My first dive-shop experience was down a back alley in Loughton, on a nameless industrial estate, with the diving officer. I was a wide-eyed novice; he was after something horribly tedious like a new pillar valve. He wouldn't let me touch anything in case I showed myself up.
Not much chance of that - the staff were briskly doing far more important things, and I was as invisible as last year's Big Brother winner at a celebrity bash.
The well-hidden location and harsh strip-lighting lent the place an ambience that teetered between criminal underworld hang-out and porn-movie location. Visiting the shop was a daring adventure; I felt that I risked being challenged and exposed for my sad lack of diving knowledge at any moment.
The whole thing was perversely thrilling, but I was determined to be a real diver with my own kit. My next shopping trip was more promising.
I picked a big, bright watersports shop in central London, with staff keen enough to actually sell stuff and - in that fit of enthusiasm coupled with ineptitude that is the hallmark of a diving trainee - I spent a large sum of money on a mask that resembled a conservatory. It flooded the minute I jumped in the pool, and I used 50 bar each time I cleared it.

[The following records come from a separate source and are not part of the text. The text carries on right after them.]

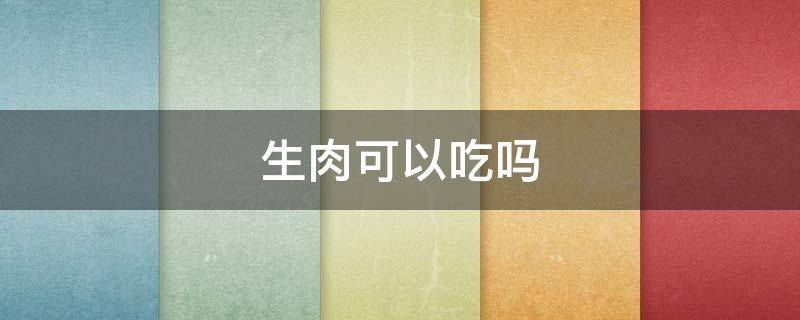 生肉可以吃嗎（生肉可以吃嗎?為什么?）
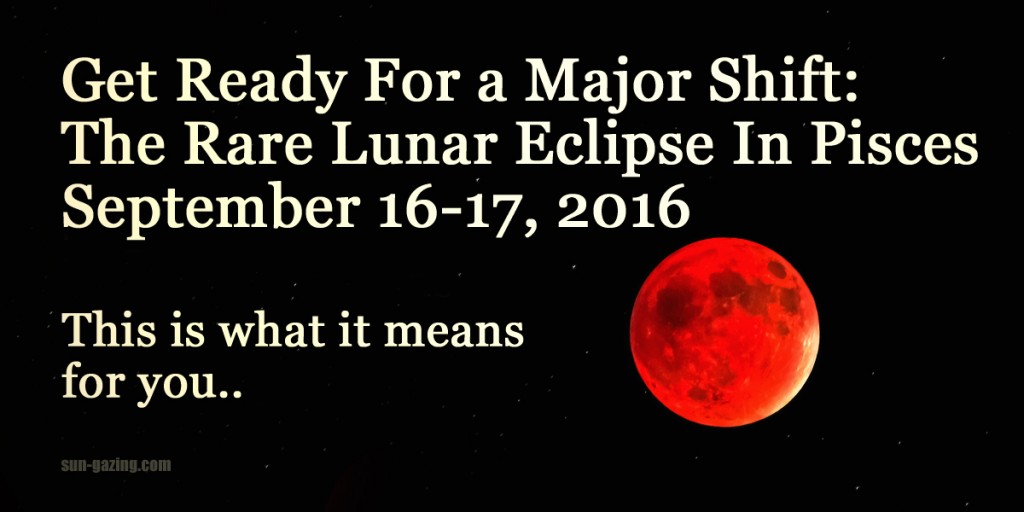 Rare Lunar Eclipse During Pisces Prepare For a Huge Energy Shift On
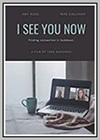 I See You Now I See You Now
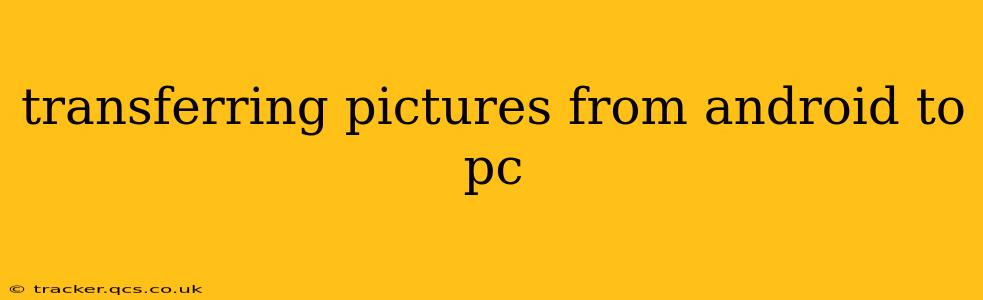 transferring pictures from android to pc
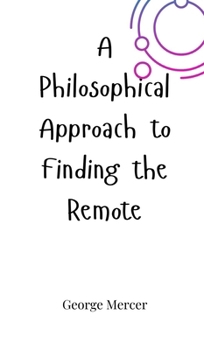 Hardcover A Philosophical Approach to Finding the Remote Book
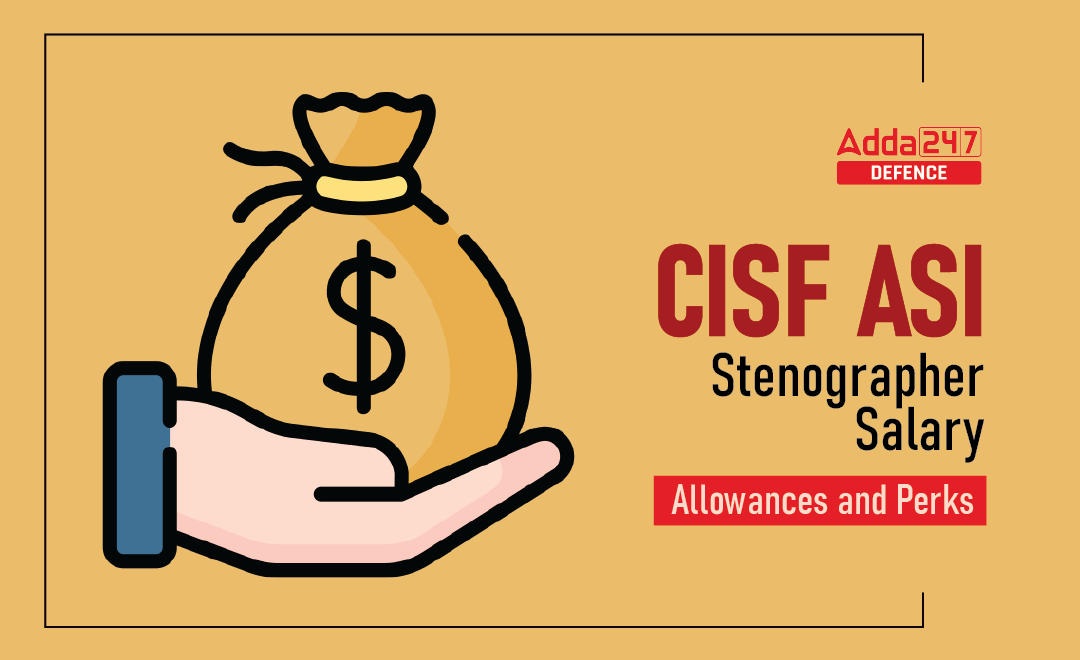 CISF ASI Stenographer Salary, Allowances and Perks_30.1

After two pool sessions of floundering blindly and grabbing my buddy by the crotch rather than the shoulder-strap during a controlled buoyant lift, my mask was confiscated by the training officer.
Then, on my first dive trip to Portland, I discovered Parry's. OK, so it looked like a WW2 prefab that had accidentally been blasted into the car park by a stray V2, but it was a treasure trove. You could lose yourself for hours among the jars of multi-coloured curly cord, hose-protectors and mask-straps. The blades of new dive knives glittered.
Examples of old-style dive kit adorned the walls, like a mini-museum. Fossilised starfish and bits of driftwood from Chesil beach decorated glass cases full of compasses, depth-gauges and dive watches. I made several visits for fills, and found that once I'd stepped over the threshold more than once, the staff treated me like an old mate. Marvellous.
Who would miss out on the glorious experience of visiting a dive shop, getting dizzy on the gluey smells, stroking all that new equipment and lusting after the shiny-shiny bits? You find all kinds of funky stuff that you never knew existed - like little squeezy sachets of "Sink the stink!" and yellowing, chunky lumps of zipwax.
Now I'm a big fan of the Internet - my job is, after all, running Divernet.com - and I find online shopping nowhere near as exciting as doing it in the flesh, but it does have some advantages.
Online dive shops never shut. You can dally over the details of the latest Suunto computer at 3am if you so wish. You can comfortably compare who has the best deal on that must-have Apeks regulator without shifting your bum from that armchair. It's the modern way, but you still can't buy an air-fill over the Internet.
UK diving is dead without dive shops, so if you're going to buy online, do it through a dive-shop website. After all, why would you shop for something as important and intimate as dive kit from someone you don't know, on an auction site such as eBay? You don't know where it's been! It's like buying secondhand underwear.
"So would you buy a used pair of knickers on eBay?" I asked Marky Mark. "Depends," he said, all mysterious. "On what?" I demanded. "Well, if it was Kylie's used knickers..." I hate him when he's right.